Dave Sarachan: “It reinforced my belief that I can make a positive impact, that iIcan get the most out of people and … to be in a position of influence with especially young. (Photo courtesy of the Rochester Rhinos)
By Michael Lewis
While he was giving 23 players an opportunity to wear the Red, White and Blue of the U.S. men’s national team for the first time during his 13-month tenure as head coach, Dave Sarachan also was gaining something himself.
His experience reminded himthat he was still a leader as well.
From 2008 to 2017, Sarachan was an assistant or associate coach with the LA Galaxy or the U.S. national team under Bruce Arena. It was time to spread his wings as his own boss, as a head coach the first time since directing the Chicago Fire in Major League Soccer from 2003-2007.

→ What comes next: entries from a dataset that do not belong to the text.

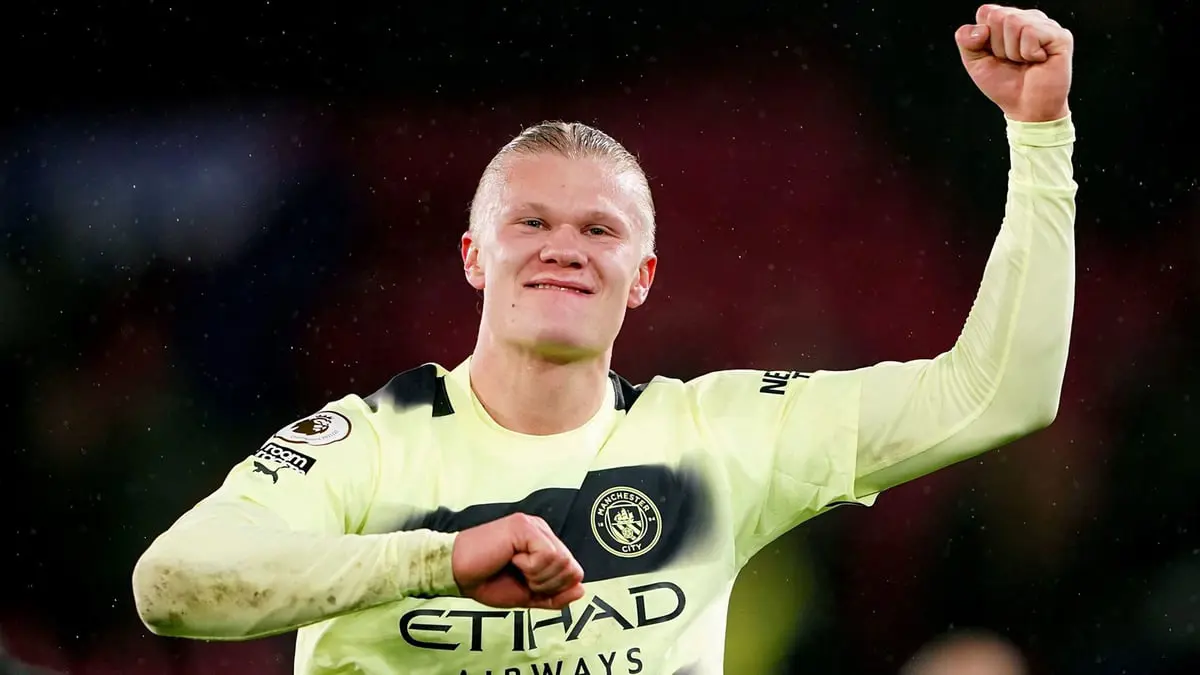 ترتيب الحذاء الذهبي: هالاند يواصل الصدارة.. وهاري كين يصعد للمركز الثاني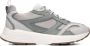 XSENSIBLE Lage Sneakers Heren Brooklyn Men Maat: 44 Materiaal: Nubuck Kleur: Grijs - Thumbnail 1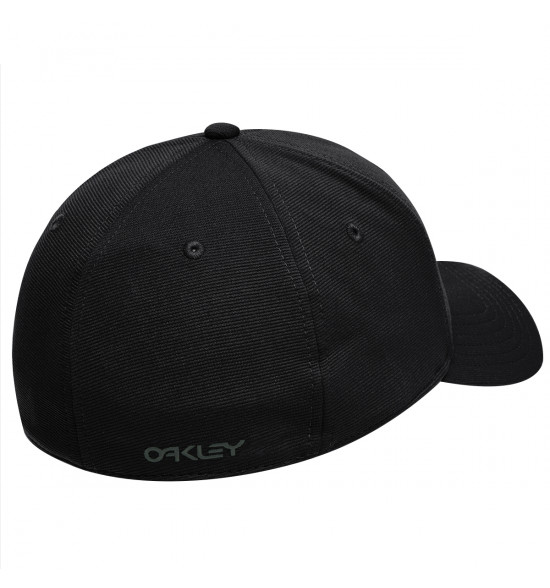 Boné Oakley 6 Panel Metallic Blackout - 4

“The experience for me over 13 months as the national team coach reinforced a lot of myself as a leader,” he said in a recent interview. “I feel the way I lead a team, which I’ve done whether it was in college or Chicago as a head coach, it reinforced my belief that I can make a positive impact, that iIcan get the most out of people and … to be in a position of influence with especially young. I really enjoyed coaching and teaching and leading a group of guys that I feel I’ve progressed from the beginning until the end. A very positive experience along with the fact it’s the national team. It’s setting itself up hopefully for better things to come as the calendar flips.”
As in January 2019, when Gregg Berhalter calls the shots on his first game as head coach after succeeding Sarachan. The Rochester, N.Y. native will direct North Carolina FC in the United Soccer League Championship.

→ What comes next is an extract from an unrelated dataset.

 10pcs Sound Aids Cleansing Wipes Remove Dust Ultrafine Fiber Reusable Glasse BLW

During his time as national coach, Arena, with whom the 64-year-old Sarachan has had a long relationship, never chimed in with advice.
“No, no. Not one time,” Sarachan said.
And that worked the other way as well. Sarachan never asked for advice from Arena.

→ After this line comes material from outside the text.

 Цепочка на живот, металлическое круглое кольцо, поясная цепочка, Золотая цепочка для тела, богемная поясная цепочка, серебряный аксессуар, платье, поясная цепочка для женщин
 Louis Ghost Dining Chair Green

“No, I didn’t. I did it on my own,” he said. “I think Bruce would respect that. This was an opportunity honestly at the time. Nobody at U.S. Soccer was directing me in any way. No general manager. It was kind of chaotic at that level. I assembled my staff and we used our common sense to build rosters and put together teams, given my experience knowing how we scouted players and tried to determine all that. I didn’t solicit, and Bruce respectfully stayed away as well. That was the kind of the fun part for me as far building these rosters and going into these games with that in mind.”
Under Sarachan, the U.S. went 3-4-5.